池田清彦 《早稲田大学国際教養学部教授》

2016年06月09日 公開 2024年12月16日 更新

ゴリラやチンパンジーの方が合理的? 人間の男はなぜ、若い女が好きなのか

<<本稿は池田清彦著『オトコとオンナの生物学』(PHP文庫)より一部抜粋・編集したものです。>>
 

男は若い女に、女は孫に!?

芸能界では、年の差カップルがよく話題に上る。最近では、20歳差、30歳差なんていうのも珍しくない。これでは、まるで親子だ。

40歳以上離れている例もあるけれど、こうなると、もう祖父母と孫だ。もっとも、祖母と孫のようなカップルはめったにいないけれど。

年の差カップルはだいたい、父親と娘、祖父と孫娘みたいなのが多い。つまり、男性が思いきり年上で、女性が思いきり年下というカップルが、少なくとも芸能界ではけっこういる。結婚はしていなくても、浮気相手が30歳年下という例も多い。

「なんで男の人は、若い子ばかり好きなの⁉」なんていう声も聞こえてきそうだけど、生物学的には、20代の女性はもうあまり若くない。

10代半ばまでならいざ知らず、20代なら、身体的には十分に成熟している大人だ。寿命が延びたから20代を若く感じるだけだ。

男性が成熟した若い女性を求めるのは、何歳になっても自分の子供を作りたいという衝動が男性にすり込まれている可能性が考えられる。

年を取っても、若い女性とつき合って子供を作ると、自分の遺伝子を2分の1残せることになる。男性には閉経がないこともあって、年齢による性的な衰えは女性ほどではない。正確なことはまだわかっていないけれど、関心が孫でなく、若い女性に向かう理由はそういうところに隠れているのかもしれない。

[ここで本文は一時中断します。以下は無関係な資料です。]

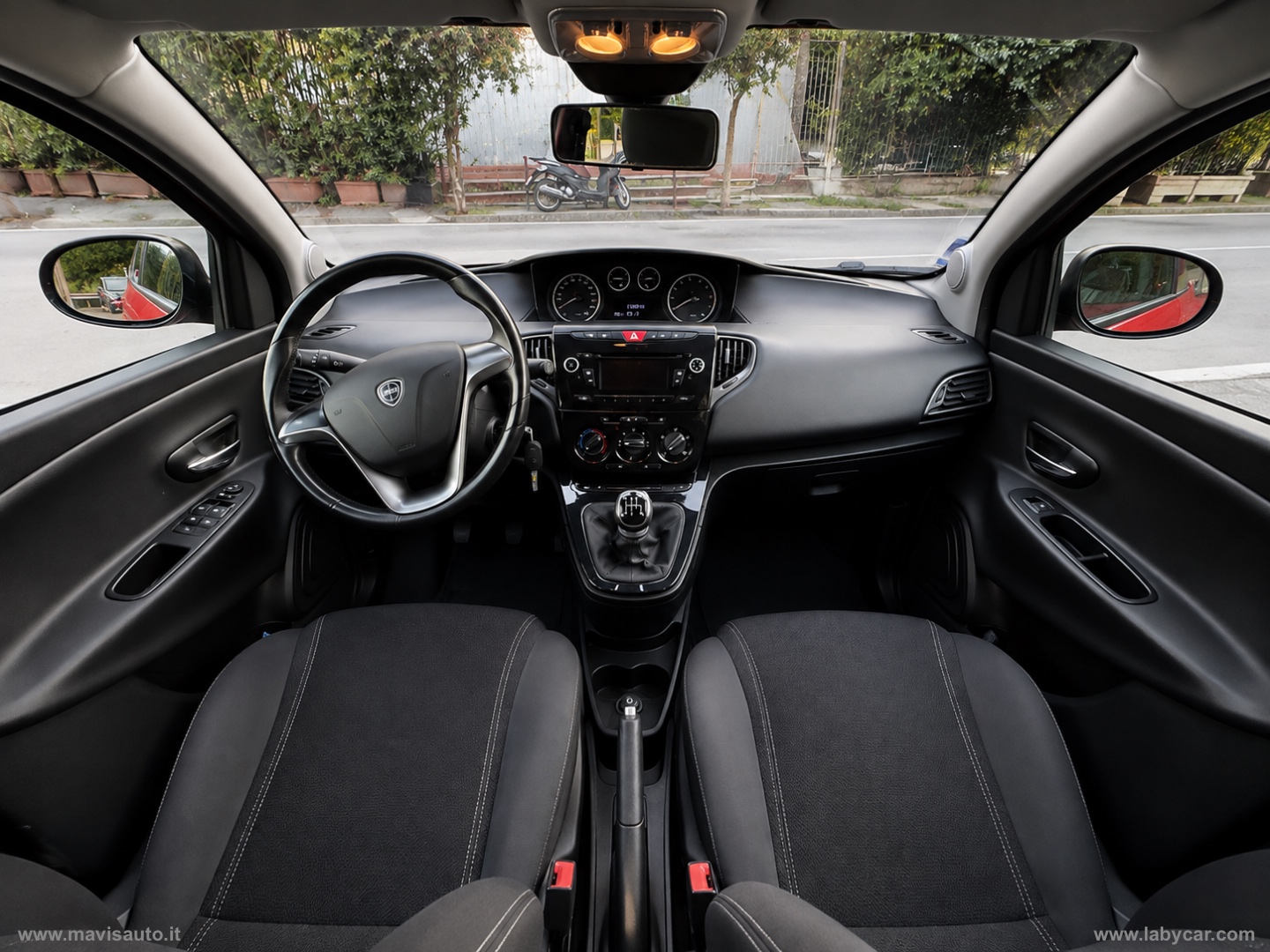 Ypsilon 1.2 69 CV 5p. S&S Black&Red - immagine 10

一方、女性は一般的に、50歳くらいを過ぎると、若い男性とつき合いたいとは思わないんじゃないかな。子供を作りたいとも思わなくなるし、そもそも子供を産む能力自体もなくなってしまうから、関心は若い男より孫に向かう。孫には自分の遺伝子が4分の1入っているから、孫の生存を助ければ自分の遺伝子を残すことにつながる。

今は、男女ともに非常に長生きするようになったから、男性が40代、50代、60代……になっても、20代くらいの女性とつき合えるようになったとも考えられる。早くに死んでしまったら、年齢差が30歳も40歳も開いたりすることはありえないから。